ROCm / HIP

HIP: C++ Heterogeneous-Compute Interface for Portability
https://rocmdocs.amd.com/projects/HIP/
MIT License
3.71k stars 528 forks source link

HIP installation on Nvidia platform #3521

Open ABHINAVONGOLU opened 3 months ago

ABHINAVONGOLU commented 3 months ago

apt-get install hip-runtime-nvidia hip-dev When I run this command on my terminal I was getting following error message. Can someone help me fixing this issue ??

Reading package lists... Done Building dependency tree... Done Reading state information... Done E: Unable to locate package hip-runtime-nvidia E: Unable to locate package hip-dev

logic-finder commented 3 months ago

Hi it seems that those error messages are exactly the same what I saw a few days ago. I think it might be helpful to refer to the this issue #3519. Please see the "additional information" section and the comment by harkgill-amd right below. Thank you.

ABHINAVONGOLU commented 3 months ago

$ sudo amdgpu-install --usecase=hip,hiplibsdk Get:1 file:/var/cuda-repo-ubuntu2204-12-5-local InRelease [1,572 B] Get:1 file:/var/cuda-repo-ubuntu2204-12-5-local InRelease [1,572 B] Hit:2 https://developer.download.nvidia.com/hpc-sdk/ubuntu/amd64 InRelease
Hit:3 https://dl.google.com/linux/chrome/deb stable InRelease
Hit:4 http://security.ubuntu.com/ubuntu jammy-security InRelease
Hit:5 https://packages.microsoft.com/repos/code stable InRelease
Hit:6 http://in.archive.ubuntu.com/ubuntu jammy InRelease
Hit:7 http://in.archive.ubuntu.com/ubuntu jammy-updates InRelease Hit:8 https://ppa.launchpadcontent.net/touchegg/stable/ubuntu jammy InRelease Hit:9 http://in.archive.ubuntu.com/ubuntu jammy-backports InRelease Reading package lists... Done Reading package lists... Done Building dependency tree... Done Reading state information... Done Package amdgpu-dkms is not available, but is referred to by another package.
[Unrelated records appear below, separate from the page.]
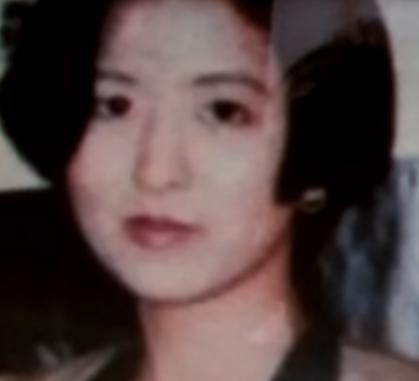 1997年，日本年薪千万的女高管，死在了站街女的小屋里，体 内残留男性精液。
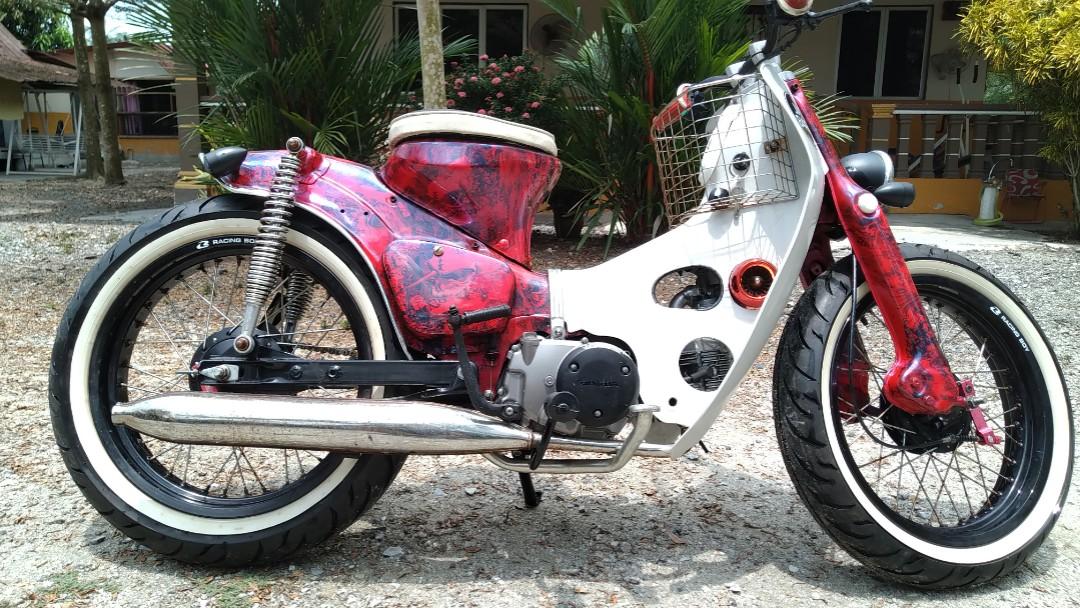 Honda Street Cub Motorbikes on Carousell
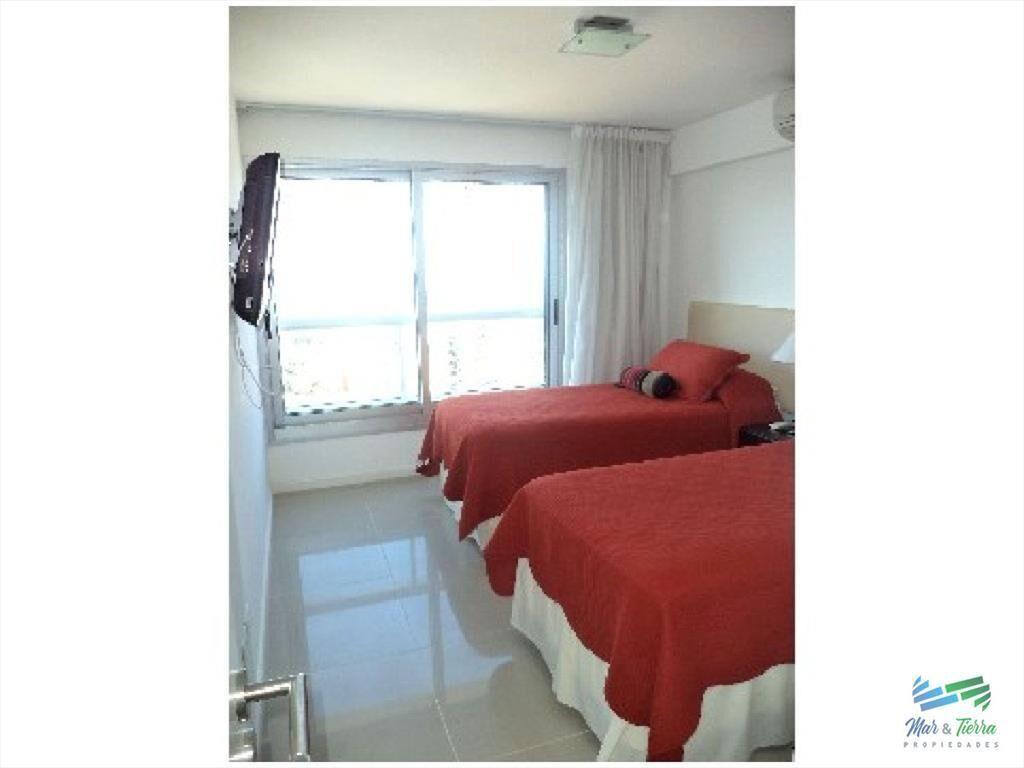 Vendo apartamento 2 dormitorios con vista al mar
This may mean that the package is missing, has been obsoleted, or is only available from another source

E: Unable to locate package rocm-hip-runtime E: Unable to locate package rocm-hip-sdk E: Package 'amdgpu-dkms' has no installation candidate

still Iam getting this error??

harkgill-amd commented 3 months ago

Hi @ABHINAVONGOLU, as @logic-finder mentioned, we do currently have an investigation ongoing to fix the installation issues for HIP on NVIDIA platforms. Thanks!
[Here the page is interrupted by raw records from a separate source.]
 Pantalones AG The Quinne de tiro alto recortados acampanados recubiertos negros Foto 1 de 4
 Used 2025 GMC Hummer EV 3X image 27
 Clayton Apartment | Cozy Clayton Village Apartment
ABHINAVONGOLU commented 3 months ago

Just inform here when fixing is completed please @harkgill-amd

ABHINAVONGOLU commented 3 months ago

@logic-finder , @harkgill-amd can someone one confirm whether it is working fine or not?? Please

harkgill-amd commented 3 months ago

Hi @ABHINAVONGOLU, this issue is still being investigated. I will provide updates as soon as I receive them.

avickars commented 1 month ago

This is still broken with Hip 6.2

harkgill-amd commented 1 month ago

@avickars, are you attempting to install on Ubuntu 24.04 or on 22.04? What error are you running into?

avickars commented 1 month ago

@avickars, are you attempting to install on Ubuntu 24.04 or on 22.04? What error are you running into?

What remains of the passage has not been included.